Many plays set in a single location involve a handful of characters gathering together for fun only to spill secrets, lies, and tears. This narrative strategy is employed by out gay writer/director Jonathan Wysocki in his modest, touching film, “Dramarama,” available on demand September 7.
Set in 1994 in Escondido, CA, this chamber piece has five high school theatre nerds gathering for an overnight party at Rose’s (Anna Grace Barlow) house. They are saying goodbye to Rose, who is leaving for NYU in the morning. (Don’t belabor the fact that she is not frantically packing or that her parents are out for most of the night). The guests include Ally (Danielle Kay), Oscar (Nico Greetham), Claire (Megan Suri), and Gene (Nick Pugliese). The festivities begin with a Victorian character-themed murder mystery, which allows the friends to be theatrical: dressing up in costume, talking with accents, and making bad puns. Their enthusiasm will be appreciated by anyone who was a theatre geek in high school. (All others: you have been warned).
Before long, however, the group’s fun is temporarily spoiled. JD (Zak Henri) arrives with some pizzas Rose ordered. He is a truth teller and sizes up each character in just a word. Rose, in particular, is incensed (he calls her callow), and Oscar, who appears to be smitten with JD, doesn’t quite realize that he has been insulted when JD describes him as grandiloquent.
Viewers can figure out the character dynamics even without JD’s targeted pronouncements. Rose very much wants to be loved, and schemes to have things her way. Ally is more jaded and sarcastic; she has a sense of reality that is missing from the others. Claire is prim and proper, so her defenses will go down. As for Gene, he is considering coming out to his friends at the party. He is, obviously crushed on the adorable Oscar — just watch the way they wrestle, or the way Gene spies on a shirtless Oscar in a mirror. Oscar himself may be gay or even bisexual; he claims to have a long-distance girlfriend. But it also means each character has one defining characteristic. To make them more complex, all these teens are religious. Despite having varying degrees of faith, they are mostly inexperienced when it comes to sex and dating.

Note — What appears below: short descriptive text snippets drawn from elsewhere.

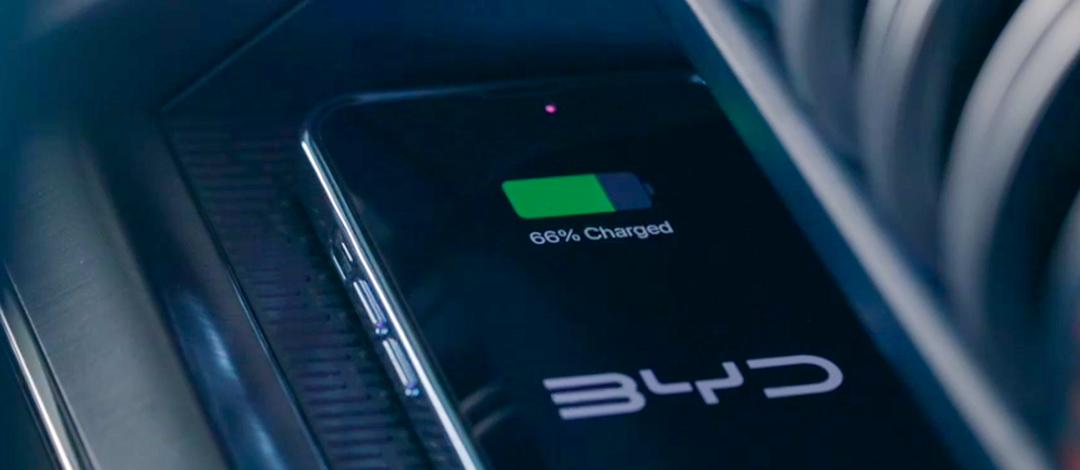 BYD Atto 3 Electric Mobile phone wireless charging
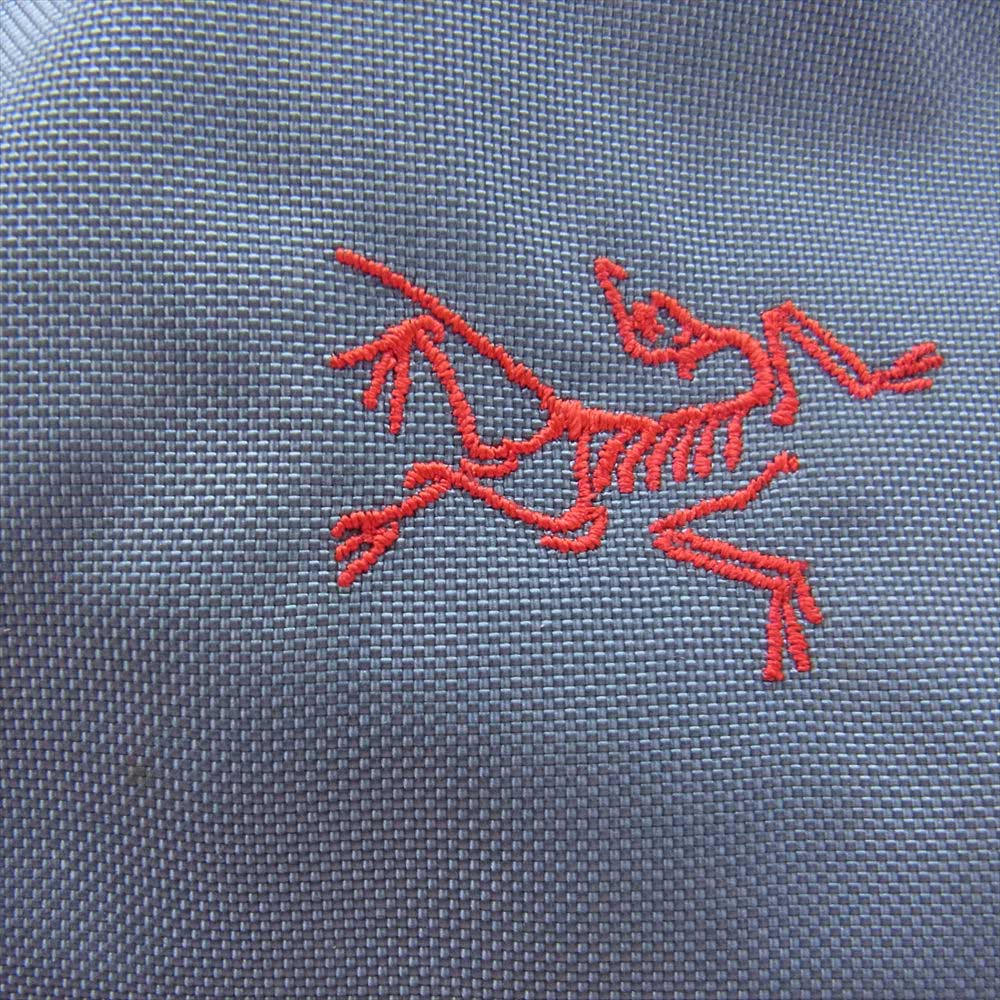 ARC'TERYX アークテリクス 7364-55732 MAKA2 マカ2 ショルダーバッグ サコッシュ グレー系 レッド系【中古】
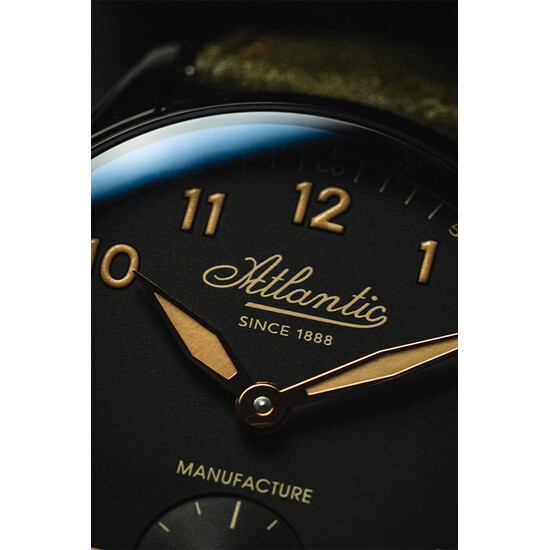 Atlantic Worldmaster ciemny cyferblat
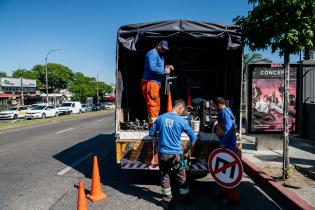 Colocación cartelería prohibido estacionar en Bv. Batlle y Ord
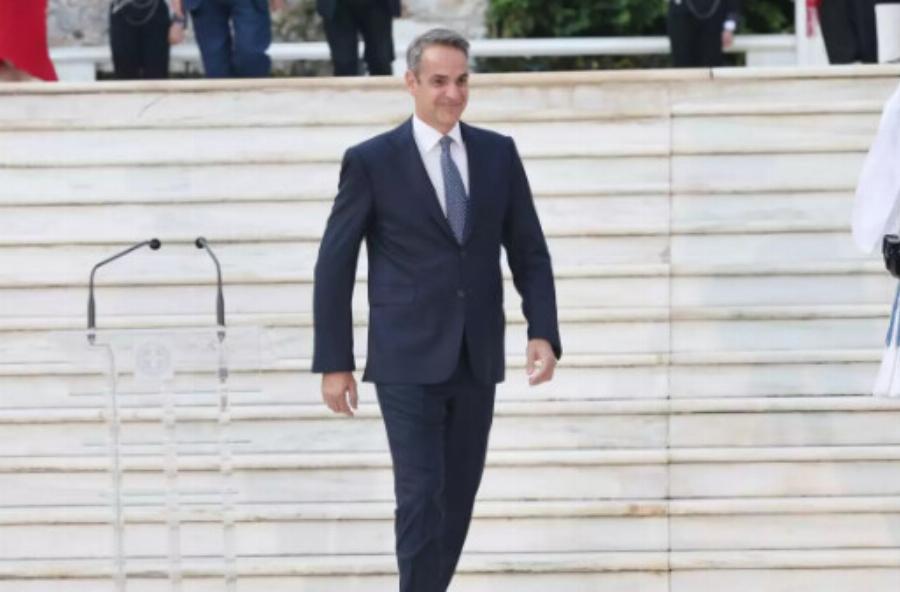 Προεδρικό Μέγαρο: Οι εμφανίσεις στη δεξίωση για τα 50 χρόνια από την αποκατάσταση της Δημοκρατίας – Φωτογραφίες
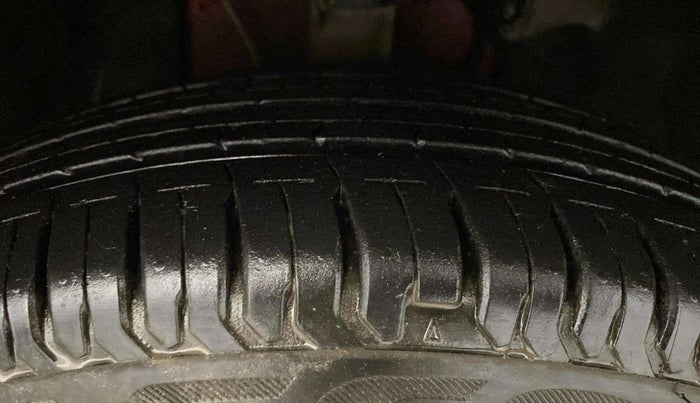 2022 Tata ALTROZ XE PLUS PETROL, Petrol, Manual, 18,175 km, Left Front Tyre Tread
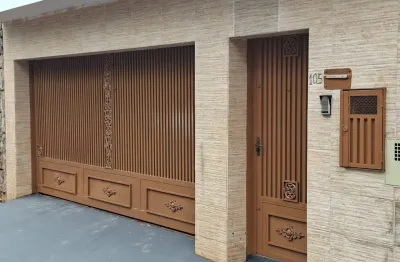 Casa, três quartos, sendo uma suíte. próxima a faculdade usp - ribeirão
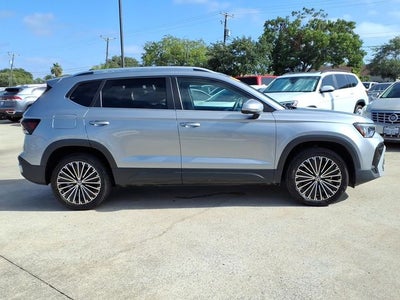 2025 Volkswagen Taos 1.5T SE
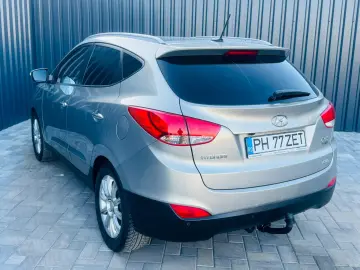 Hyundai Tucson   2.0 Diesel140 CP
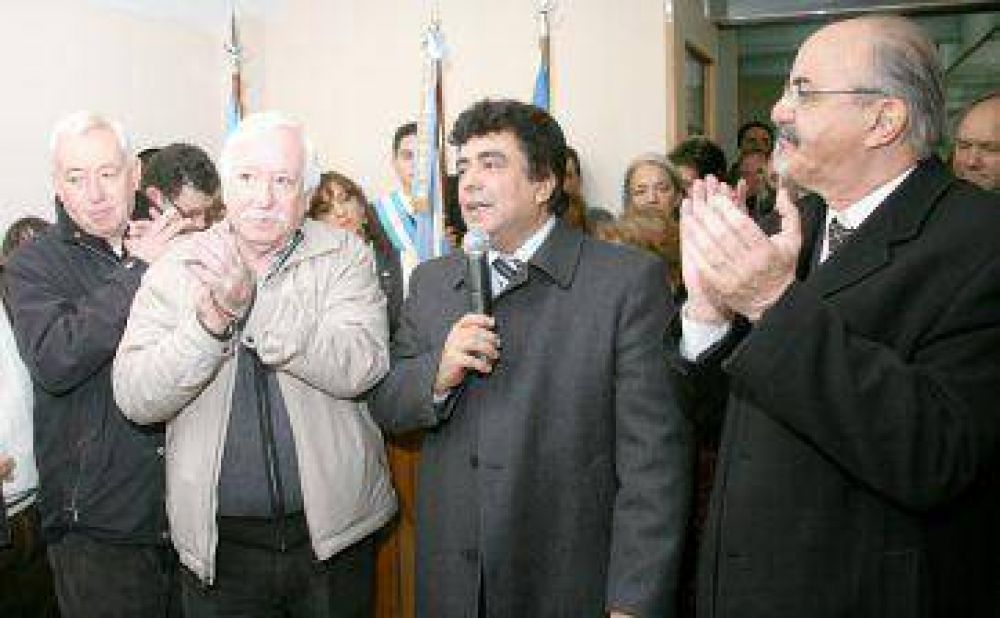 Espinoza pierde importante alfil en el PJ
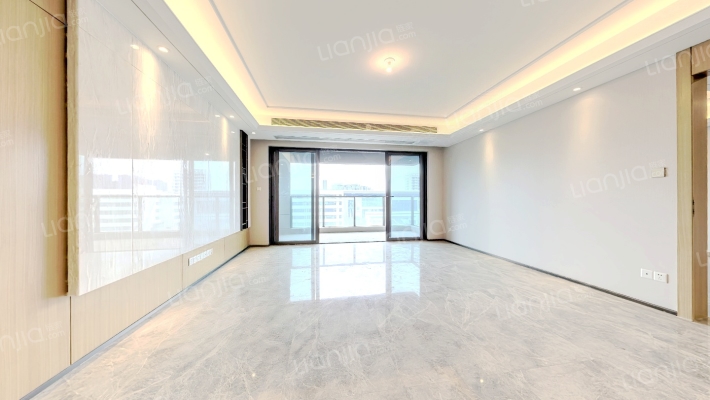 保利天空之城泊院北区二手房实景图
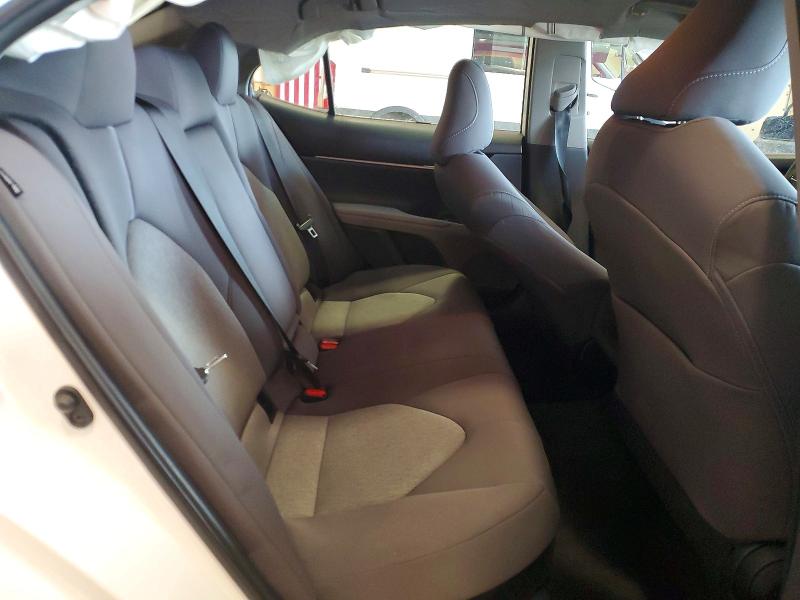 76743715 :رقم المزاد ، 4T1C31AK4NU575420 vin ، 2022 Toyota Camry Hybrid مزاد بيع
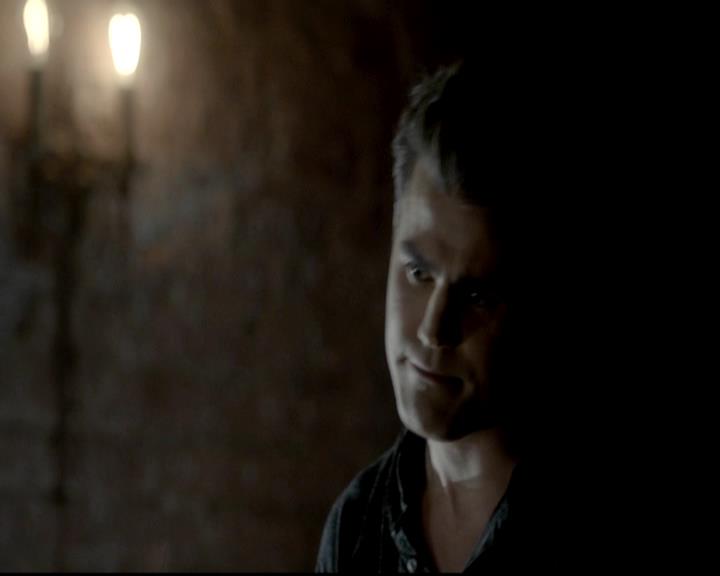 VampireDiariesWorld-dot-org_4x11CatchMeIfYouCan1893.jpg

The topic of sex and dating comes up often in “Dramarama,” and brings out the tensions between the characters. They diffuse their internal fears and anxieties by quoting lines from the theater and dropping too on-the-nose pop culture references from “Fried Green Tomatoes” and “The Adventures of Priscilla, Queen of the Desert,” and repeatedly mention the scandalous Madonna. The teens also make everything a game, from faking a trip to the ER when Gene pretends to faint, to playing “flashlight homosexual,” where two people of the same sex get caught doing something suggestive in bed. The games reveal something about each character. Claire’s participation in “Truth or Dare” is her way of showing she is not a prude, and it allows her to ask Gene who his current crush is. Viewers will be absorbed in these activities, even when they turn mean-spirited. Ally pulls a prank on Rose that backfires, and Gene and Oscar blurt out some secrets they have been keeping for each other. The nastiness is never excessively cruel, but the truth does hurt.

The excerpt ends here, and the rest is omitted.